The job of the execution system is to receive filtered trading signals from the portfolio construction and risk management components and send them on to a brokerage or other means of market access. For the majority of retail algorithmic trading strategies this involves an API or FIX connection to a brokerage such as Interactive Brokers. The primary considerations when deciding upon a language include quality of the API, language-wrapper availability for an API, execution frequency and the anticipated slippage.

The "quality" of the API refers to how well documented it is, what sort of performance it provides, whether it needs standalone software to be accessed or whether a gateway can be established in a headless fashion (i.e. no GUI). In the case of Interactive Brokers, the Trader WorkStation tool needs to be running in a GUI environment in order to access their API. I once had to install a Desktop Ubuntu edition onto an Amazon cloud server to access Interactive Brokers remotely, purely for this reason!

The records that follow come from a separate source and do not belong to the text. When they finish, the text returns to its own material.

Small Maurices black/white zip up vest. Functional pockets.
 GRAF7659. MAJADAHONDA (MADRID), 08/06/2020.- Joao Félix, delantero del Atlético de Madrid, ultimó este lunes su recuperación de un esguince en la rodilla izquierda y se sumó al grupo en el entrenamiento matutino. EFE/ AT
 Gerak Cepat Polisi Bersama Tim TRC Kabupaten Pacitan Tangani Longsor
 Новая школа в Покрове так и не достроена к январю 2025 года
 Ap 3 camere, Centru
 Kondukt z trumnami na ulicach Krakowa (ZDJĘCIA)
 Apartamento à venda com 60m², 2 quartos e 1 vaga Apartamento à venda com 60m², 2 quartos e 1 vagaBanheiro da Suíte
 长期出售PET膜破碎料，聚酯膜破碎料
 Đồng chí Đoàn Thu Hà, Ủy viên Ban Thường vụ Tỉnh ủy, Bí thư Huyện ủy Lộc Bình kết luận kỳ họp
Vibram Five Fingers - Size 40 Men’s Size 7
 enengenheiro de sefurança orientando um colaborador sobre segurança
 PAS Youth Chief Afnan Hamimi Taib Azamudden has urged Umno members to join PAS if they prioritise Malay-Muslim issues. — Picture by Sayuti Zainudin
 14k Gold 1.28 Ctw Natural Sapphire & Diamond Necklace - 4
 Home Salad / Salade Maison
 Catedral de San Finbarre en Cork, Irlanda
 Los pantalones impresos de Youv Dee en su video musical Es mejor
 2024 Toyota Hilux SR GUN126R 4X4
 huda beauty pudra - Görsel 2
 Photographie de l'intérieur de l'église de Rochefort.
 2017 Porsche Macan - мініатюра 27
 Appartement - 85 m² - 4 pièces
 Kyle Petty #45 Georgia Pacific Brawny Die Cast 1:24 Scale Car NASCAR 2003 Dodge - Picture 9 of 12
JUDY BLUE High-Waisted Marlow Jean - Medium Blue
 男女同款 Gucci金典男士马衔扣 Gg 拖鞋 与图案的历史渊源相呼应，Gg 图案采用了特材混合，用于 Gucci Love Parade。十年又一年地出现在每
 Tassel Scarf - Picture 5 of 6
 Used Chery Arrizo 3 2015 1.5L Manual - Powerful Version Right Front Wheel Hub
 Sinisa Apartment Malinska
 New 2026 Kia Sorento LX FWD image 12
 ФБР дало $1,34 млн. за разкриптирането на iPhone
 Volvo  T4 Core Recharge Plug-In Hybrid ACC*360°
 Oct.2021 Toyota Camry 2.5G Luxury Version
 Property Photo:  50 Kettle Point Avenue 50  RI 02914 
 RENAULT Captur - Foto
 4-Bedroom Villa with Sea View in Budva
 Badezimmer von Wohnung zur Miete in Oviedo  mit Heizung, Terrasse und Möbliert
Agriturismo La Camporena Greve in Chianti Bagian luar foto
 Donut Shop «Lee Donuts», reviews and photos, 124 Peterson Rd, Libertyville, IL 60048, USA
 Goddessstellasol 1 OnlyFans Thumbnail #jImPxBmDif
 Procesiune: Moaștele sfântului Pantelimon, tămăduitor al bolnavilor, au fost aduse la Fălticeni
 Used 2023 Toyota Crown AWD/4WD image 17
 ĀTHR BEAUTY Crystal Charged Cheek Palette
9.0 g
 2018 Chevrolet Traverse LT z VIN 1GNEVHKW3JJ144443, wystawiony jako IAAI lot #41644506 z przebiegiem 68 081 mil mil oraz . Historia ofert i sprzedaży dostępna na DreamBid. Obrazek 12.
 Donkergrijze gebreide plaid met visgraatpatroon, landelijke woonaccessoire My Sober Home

Most APIs will provide a C++ and/or Java interface. It is usually up to the community to develop language-specific wrappers for C#, Python, R, Excel and MatLab. Note that with every additional plugin utilised (especially API wrappers) there is scope for bugs to creep into the system. Always test plugins of this sort and ensure they are actively maintained. A worthwhile gauge is to see how many new updates to a codebase have been made in recent months.

Execution frequency is of the utmost importance in the execution algorithm. Note that hundreds of orders may be sent every minute and as such performance is critical. Slippage will be incurred through a badly-performing execution system and this will have a dramatic impact on profitability.

Statically-typed languages (see below) such as C++/Java are generally optimal for execution but there is a trade-off in development time, testing and ease of maintenance. Dynamically-typed languages, such as Python and Perl are now generally "fast enough". Always make sure the components are designed in a modular fashion (see below) so that they can be "swapped out" out as the system scales.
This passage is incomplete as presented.